# WORK INSTRUCTION
Every line of the data below should be retyped exactly, with no images carried over.

# DATA
- - - - -

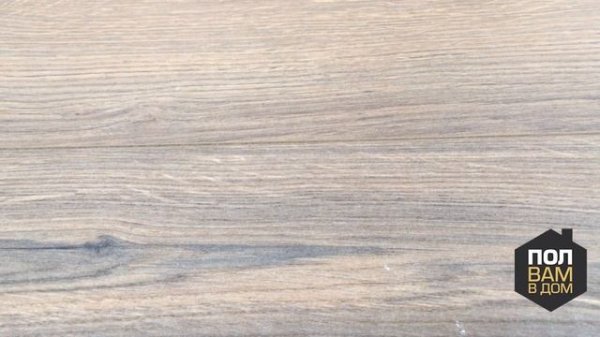 Ламинат BERRY ALLOC Коллекция GLORIUS S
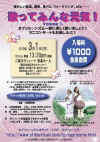 100301.jpg (101184 バイト)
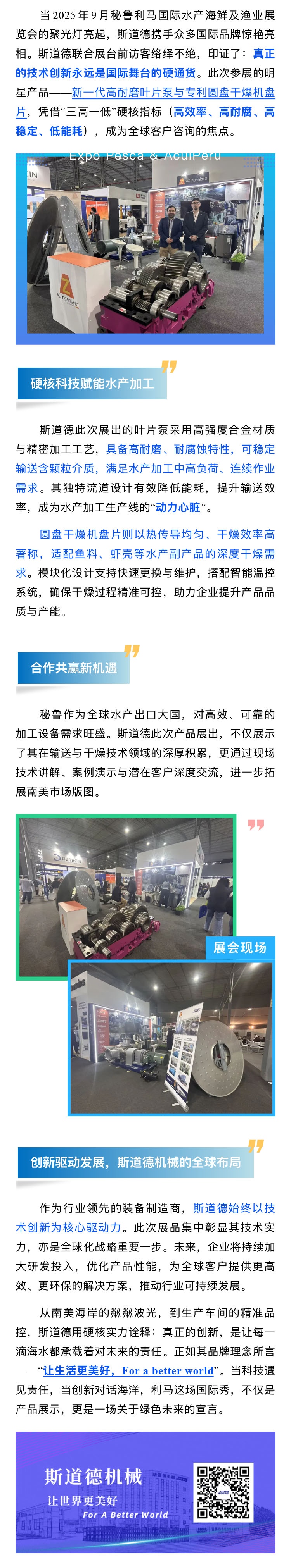 南美秘鲁水产展直击|斯道德携手众一线品牌共探水产加工新方向.jpg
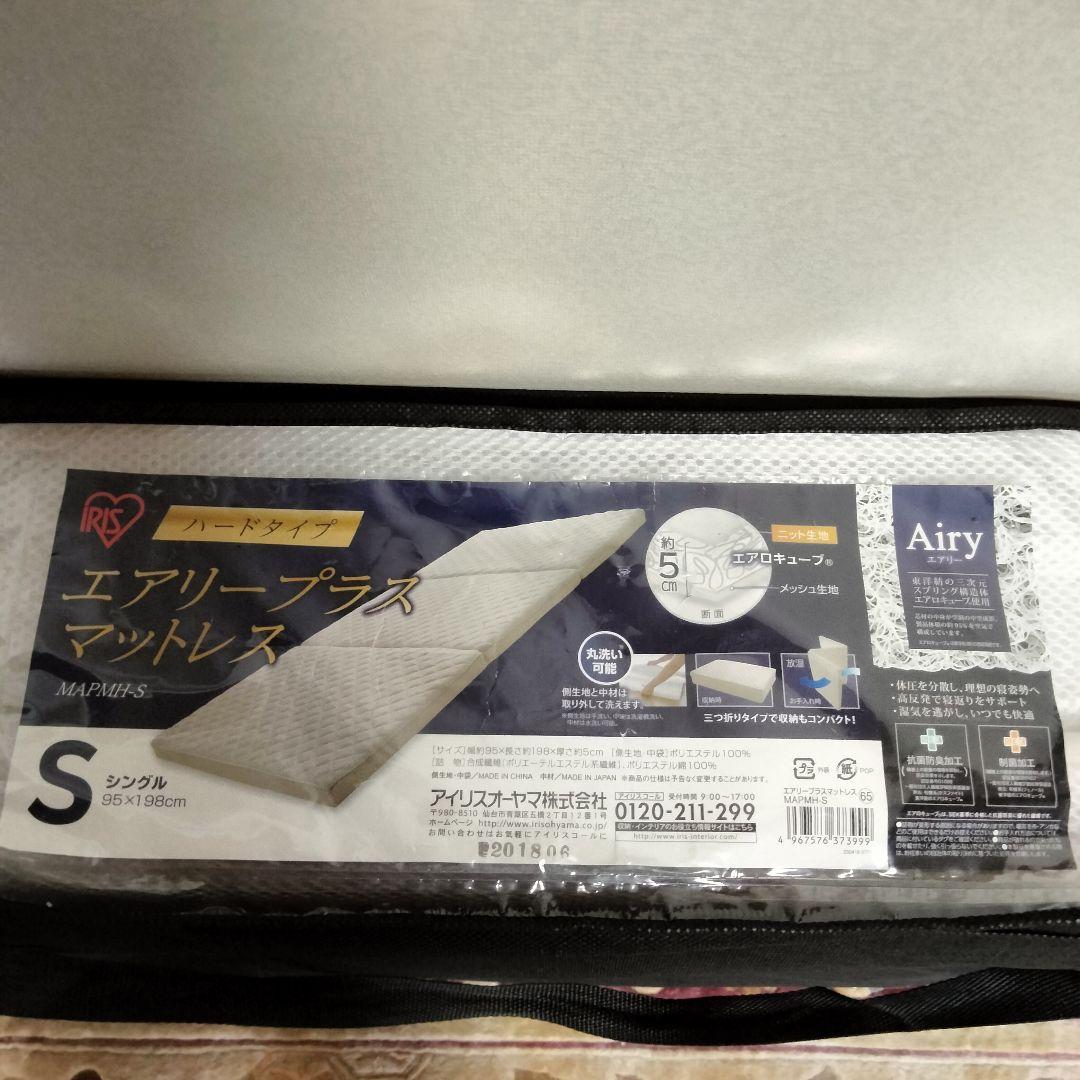 アイリスオーヤマエアリープラス マットレスシングル APMH-S収納ケース付き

- - - - -

# REPLY TO THE TASK
 Ламинат BERRY ALLOC Коллекция GLORIUS S
 100301.jpg (101184 バイト)
 南美秘鲁水产展直击|斯道德携手众一线品牌共探水产加工新方向.jpg
 アイリスオーヤマエアリープラス マットレスシングル APMH-S収納ケース付き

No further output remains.